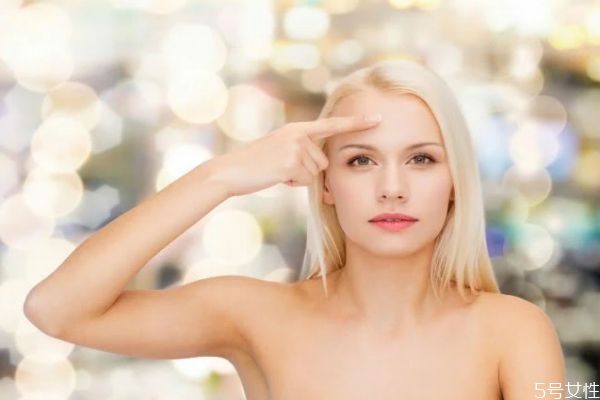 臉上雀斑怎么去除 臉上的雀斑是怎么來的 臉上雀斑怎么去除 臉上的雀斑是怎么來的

---

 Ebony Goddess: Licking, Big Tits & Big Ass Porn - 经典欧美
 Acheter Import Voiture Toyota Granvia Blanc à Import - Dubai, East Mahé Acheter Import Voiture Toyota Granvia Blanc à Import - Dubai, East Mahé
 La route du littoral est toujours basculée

#### [Exercise]
Looking at the data above, return every line from the one with "Ebony Goddess: Licking, Big" down to the one with "La route du littoral est toujours basculée", exactly and inclusively.

#### [Expected answer]
 Ebony Goddess: Licking, Big Tits & Big Ass Porn - 经典欧美
 Acheter Import Voiture Toyota Granvia Blanc à Import - Dubai, East Mahé Acheter Import Voiture Toyota Granvia Blanc à Import - Dubai, East Mahé
 La route du littoral est toujours basculée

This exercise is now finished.